(Supplied material)
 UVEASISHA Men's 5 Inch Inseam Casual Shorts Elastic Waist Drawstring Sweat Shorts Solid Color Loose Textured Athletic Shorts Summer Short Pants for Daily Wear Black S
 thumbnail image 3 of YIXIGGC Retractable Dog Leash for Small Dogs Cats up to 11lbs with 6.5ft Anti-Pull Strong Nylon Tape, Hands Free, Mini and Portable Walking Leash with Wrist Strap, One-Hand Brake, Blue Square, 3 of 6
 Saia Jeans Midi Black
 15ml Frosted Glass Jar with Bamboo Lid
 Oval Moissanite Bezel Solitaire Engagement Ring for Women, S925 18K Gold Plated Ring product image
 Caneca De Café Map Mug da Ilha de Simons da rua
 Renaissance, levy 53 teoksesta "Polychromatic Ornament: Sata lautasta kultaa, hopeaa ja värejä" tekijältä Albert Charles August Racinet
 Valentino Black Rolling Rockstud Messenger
(End Supplied material)
(Supplied material)
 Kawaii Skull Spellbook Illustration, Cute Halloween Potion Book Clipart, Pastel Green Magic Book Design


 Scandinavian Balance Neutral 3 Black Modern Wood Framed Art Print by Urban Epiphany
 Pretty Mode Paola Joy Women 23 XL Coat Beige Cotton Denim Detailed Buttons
(End Supplied material)
(Supplied material)
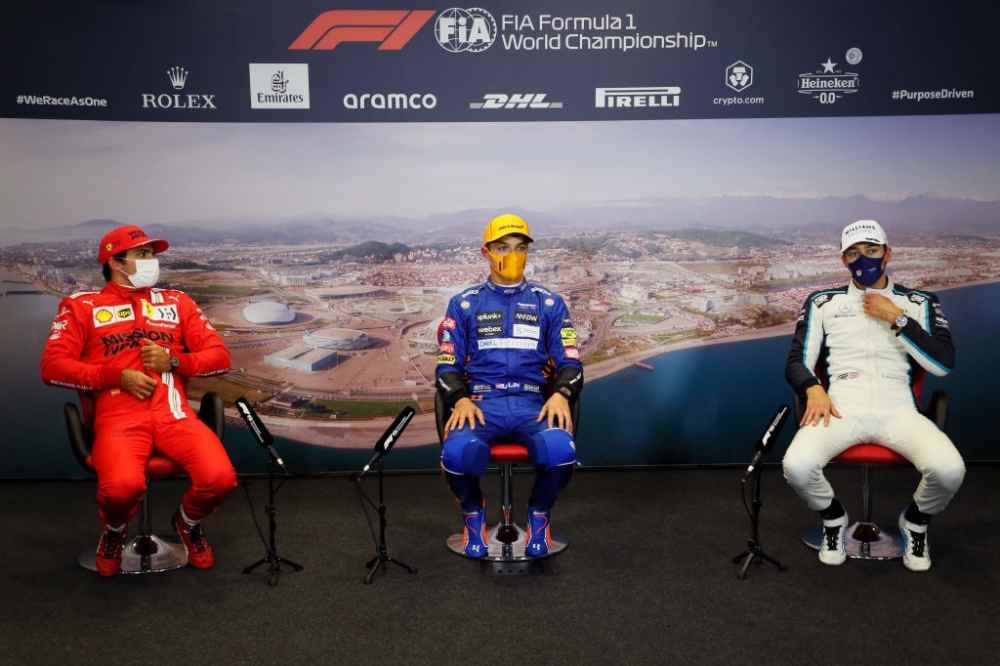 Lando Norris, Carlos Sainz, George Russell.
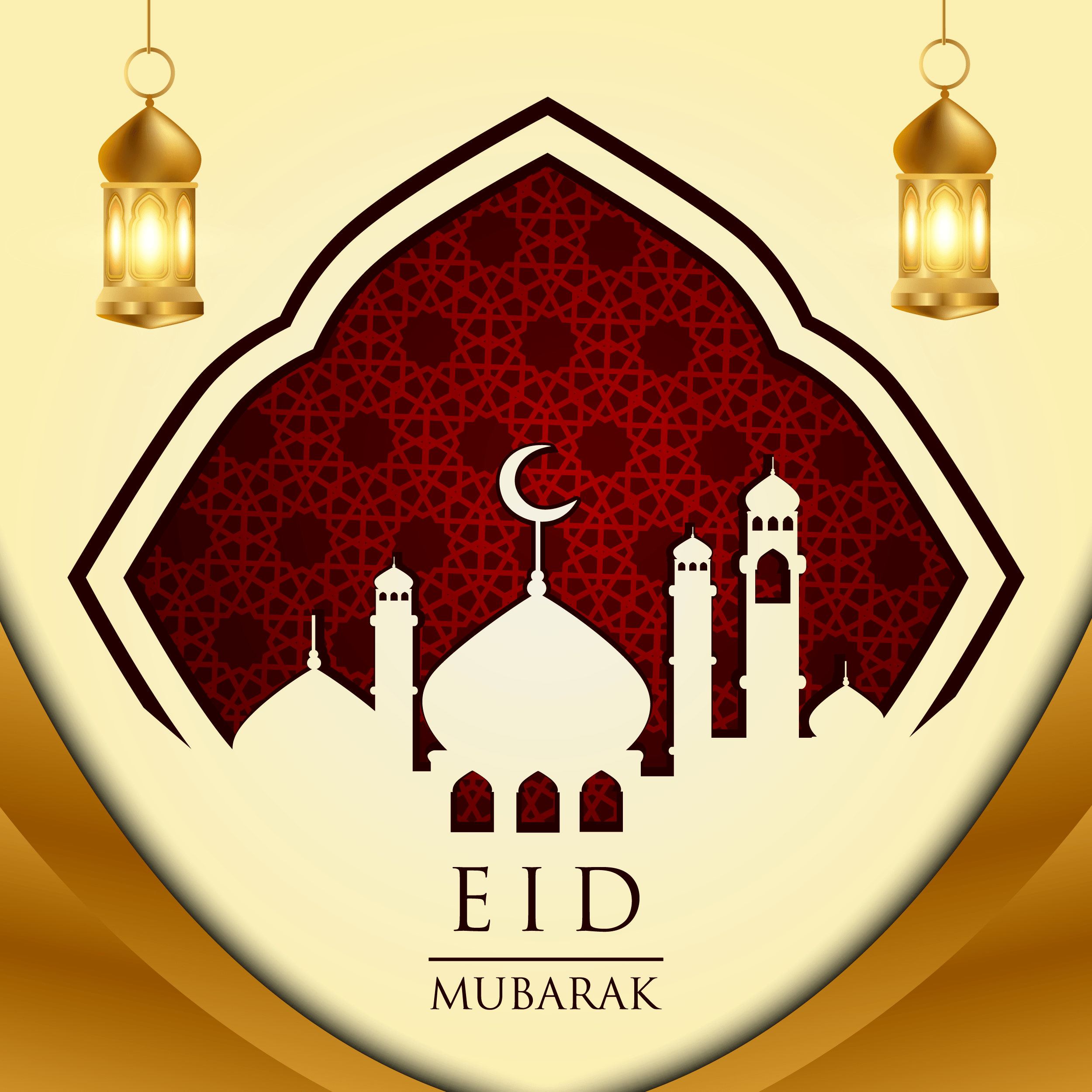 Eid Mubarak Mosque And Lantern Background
(End Supplied material)
- _Your task_:
In the listing above, find the line with "Renaissance, levy 53" and the line with "Valentino Black Rolling Rockstud Messenger", then print exactly those two lines and every line between them, and nothing more.

- _Solution_:
 Renaissance, levy 53 teoksesta "Polychromatic Ornament: Sata lautasta kultaa, hopeaa ja värejä" tekijältä Albert Charles August Racinet
 Valentino Black Rolling Rockstud Messenger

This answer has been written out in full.